Spotty service records for charged Xe guards

By Mike Baker - The Associated Press
Posted : Monday Jan 25, 2010 19:33:09 EST

RALEIGH, N.C. — A pair of former Blackwater contractors charged with murdering two people in Afghanistan had checkered pasts with the military before getting hired to work overseas, according to service records disclosed in recent U.S. court hearings.

The troubled backgrounds of the two men — including instances of violence, drug use and disregard for authority — are a first sign that Xe, the company formerly known as Blackwater, was staffing its war-zone workforce with contractors who might not be suited for the job.

The military typically keeps its detailed service records confidential. That makes it difficult to verify the conventional perception that Xe has long filled its rosters with decorated special forces personnel. In the cases of Chris Drotleff and Justin Cannon, prosecutors brought up their records while arguing at hearings this month that both men should be jailed pending their trials.

Drotleff’s three-year service in the Marine Corps ended with an other-than-honorable discharge in 2001 and a military record that included offenses for seven unauthorized absences, two failures to obey an order, assault, disrespect toward a noncommissioned officer and falsely altering a military ID card. Before his service with Blackwater in Afghanistan, the 29-year-old also faced a number of state convictions for reckless driving, disturbing the peace, assault and battery, resisting arrest and DWI.

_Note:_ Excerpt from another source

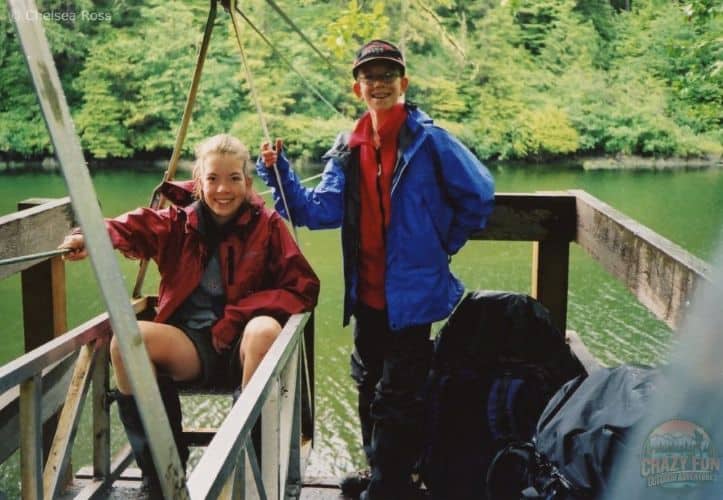 Girl in a cable car with boy beside me backpacking the West Coast Trail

Cannon, 27, was discharged from the Army after going AWOL and testing positive for cocaine. He later petitioned successfully to have his military records officially changed to an honorable discharge.

Both men were indicted by a federal grand jury in Virginia this month on two counts of second-degree murder, attempted murder and weapons charges in a 2009 shooting along a Kabul road. They had been in Afghanistan working for Xe subsidiary Paravant under a Department of Defense contract to provide weapons training to the Afghan National Army.

Their records were detailed in exhibits and arguments at detention hearings in Virginia and Texas this month. Cannon, of Corpus Christi, Texas, and Drotleff, of Virginia Beach, Va., have been ordered held in custody, with the federal judge in Drotleff’s hearing citing his “decade long pattern of refusing to obey laws orders and regulations.”